---------- STORED DATA ----------

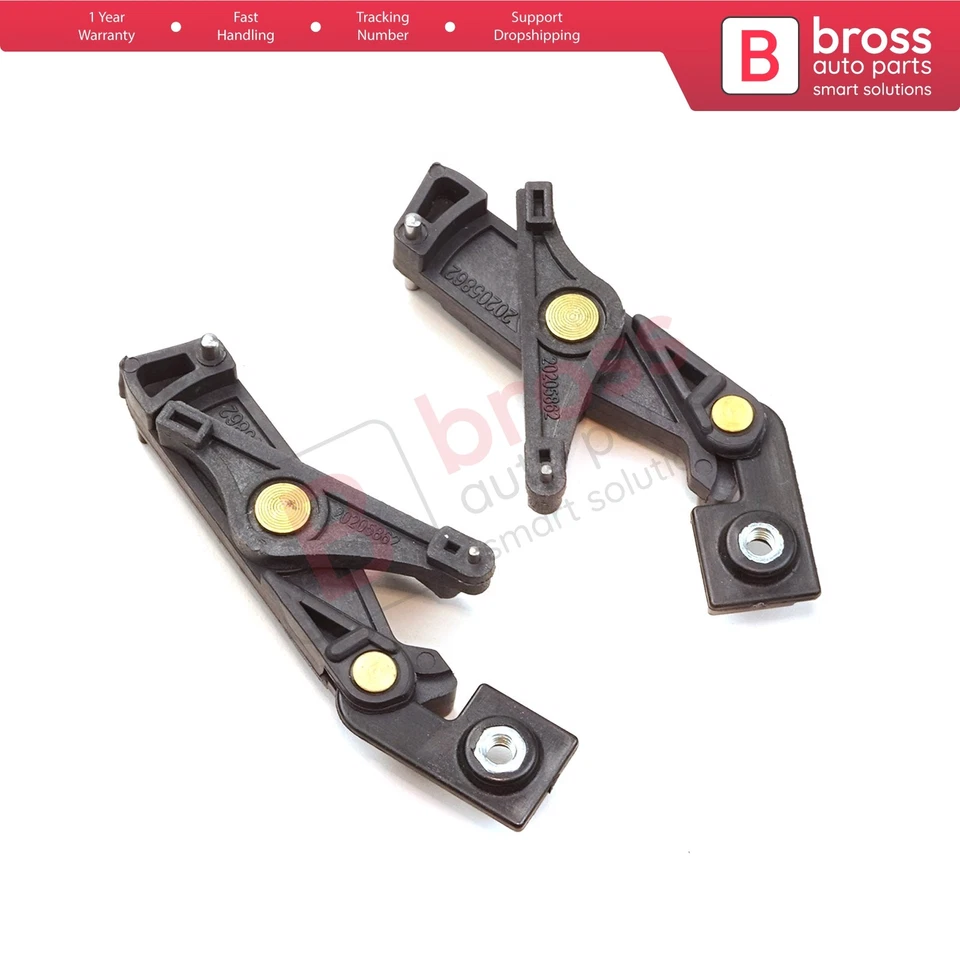 Reparación de ángulo de marco de techo corredizo 20205862 para Jeep Cherokee 1984-2008 Grand 1993-2004 Foto 3 de 4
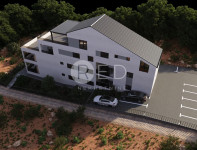 Prekrasan stan S3 sa dvije spavaće sobe 51 m2 - MANDRE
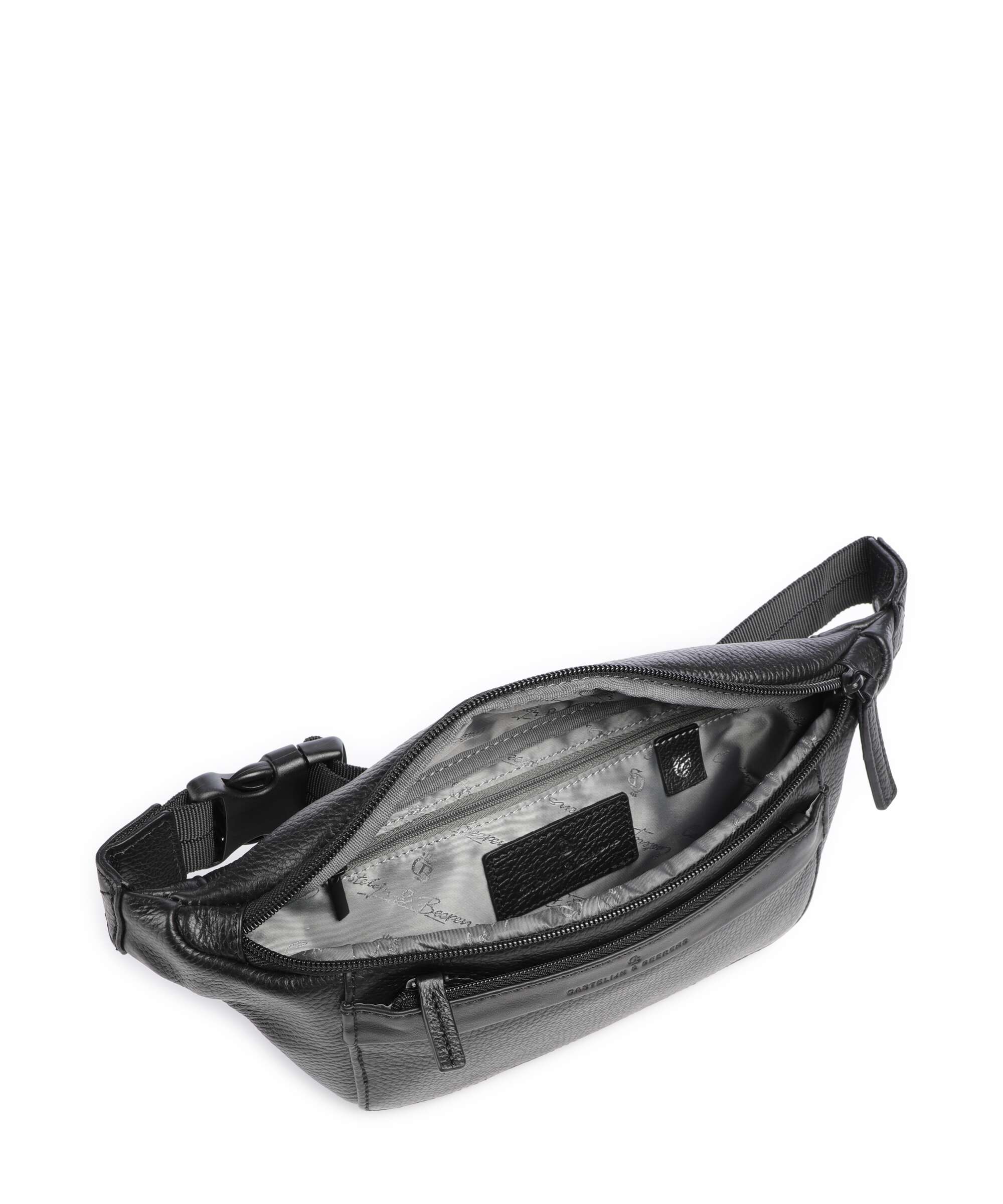 Castelijn & Beerens Onyx Belt bag black - Image 5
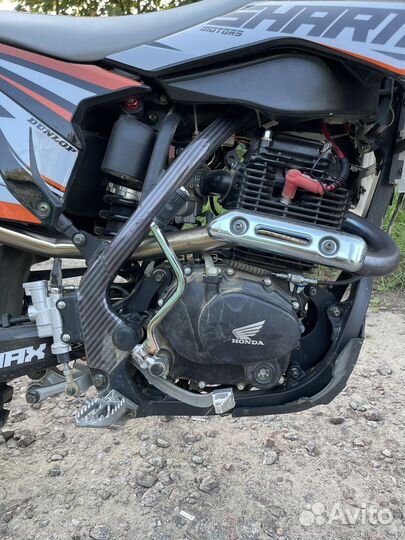 Мотоцикл sharmax motors PowerMax 280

----------

▶ **PROMPT**: A faithful copy of the data above is wanted, with every image left out.

▶ **ANSWER TO THIS TASK**:
 Reparación de ángulo de marco de techo corredizo 20205862 para Jeep Cherokee 1984-2008 Grand 1993-2004 Foto 3 de 4
 Prekrasan stan S3 sa dvije spavaće sobe 51 m2 - MANDRE
 Castelijn & Beerens Onyx Belt bag black - Image 5
 Мотоцикл sharmax motors PowerMax 280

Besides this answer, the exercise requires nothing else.